- Born: Pravia, Spain
- Other names: "Juan Sin Miedo" ("Fearless Juan")
- Occupation: Athlete/Explorer
- Known for: Solo bicycle expeditions in remote locations around the world.
- Website: www.juansinmiedo.es

= Juan Menéndez Granados =

Spanish cyclist

Juan Menéndez Granados (Pravia, Spain) is a Spanish adventure cyclist known for solo bicycle expeditions in remote locations around the world. As a youth, Juan had a passion for adventure. He has pedaled his way through the Amazon jungle, the Australian desert, the Siberian tundra, the Andes, the Canadian Arctic, and Antarctica. Later on, as well in Atacama Desert, Mongolia, Patagonia, United States and Australia again.

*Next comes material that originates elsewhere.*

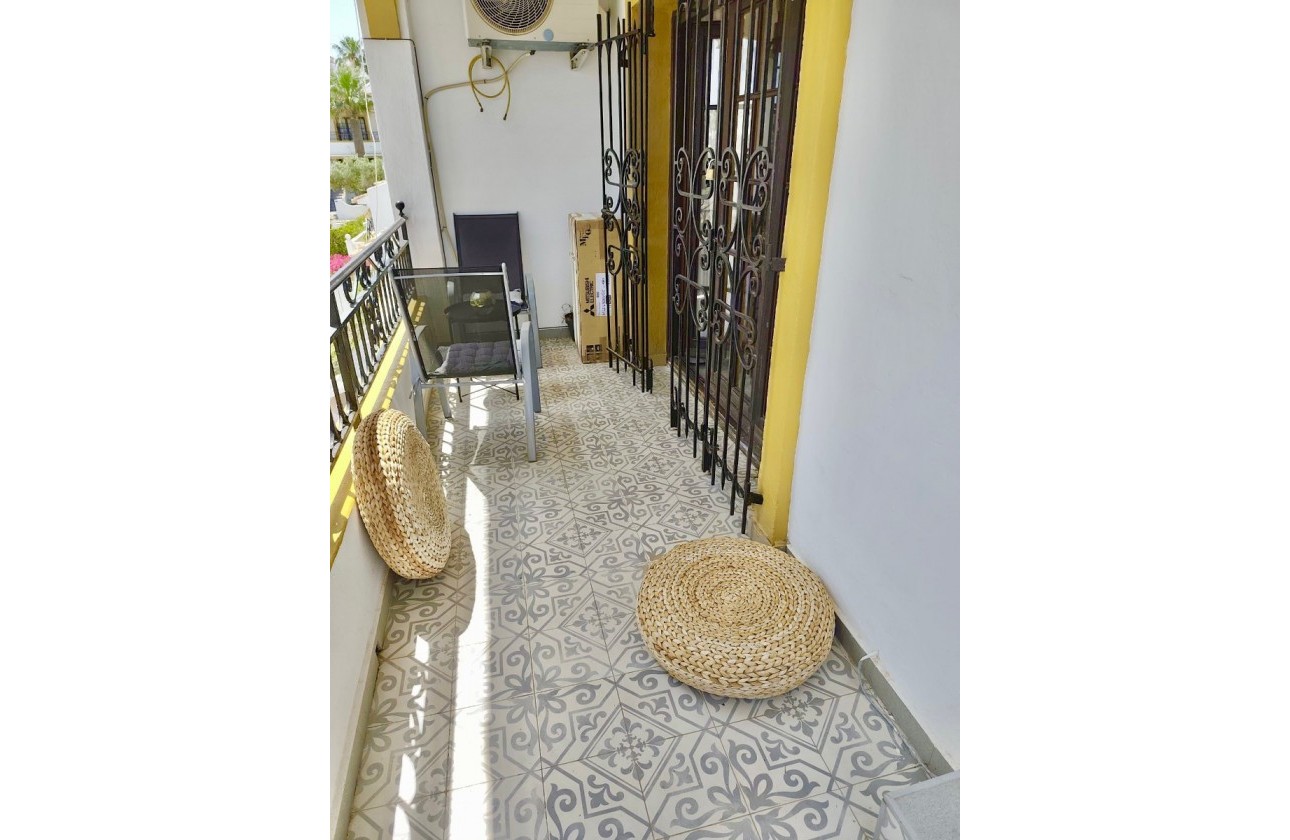 Resale - Apartment - Villamartin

He was awarded the "Premio Viaje del Año: Baikal, sólo en el hielo" (Journey of the Year Award: Baikal, solo on the ice) in 2011 by the Spanish Geographic Society.

Juan completed a 46-day expedition reaching the South Pole using a fatbike and skis in January 2014. Juan pedaled about 775 miles (1,247 km) from Hercules Inlet to the South Pole. He became the first to do it solo, unsupported and unassisted. He survived the last 4 days with no food, just drinking chocolate powder and sunflower oil.

== Expeditions ==

- 2019. Australia (Oceania). Perth-Darwin. 4,805 kilometers.
- 2018. Deserts in USA (North America). 3,747 kilometers.
- 2018. Patagonia (South America). 2,700 kilometers.
- 2017. Mongolia (Asia). 2,685 kilometers.
- 2016. Atacama Desert (South America). 1,839 kilometers.
- December 2013 - January 2014. Crossing Antarctica to the South Pole. 1,200 kilometers.
- 2013. Greenland (Europe). 600 kilometers.
- 2012. Greenland (Europe). 100 kilometers approximately.
- 2011. Tanzania-Kilimanjaro (Africa). 1,000 kilometers.
- 2010. Frozen Lake Baikal (Asia). 730 kilometers.
- 2009. Canadian Arctic (North America). 1,800 kilometers.
- November 2008 - February 2009. Australia (Oceania). Broome-Sydney. 5,001 kilometers.
- 2008. Scandinavia in winter (Europe). Helsinki-North Cape. 2,312 kilometers.
- 2006. Urals (Europe-Asia). 4,060 kilometers.
- 2005. Amazon Basin (South America). 6,485 kilometers.
- 2004. High Atlas in Morocco (Africa). 1,400 kilometers.
- 2004. Scotland (Europe). 1,100 kilometers.
- 2003. The Pyrenees (Europe). 1,300 kilometers.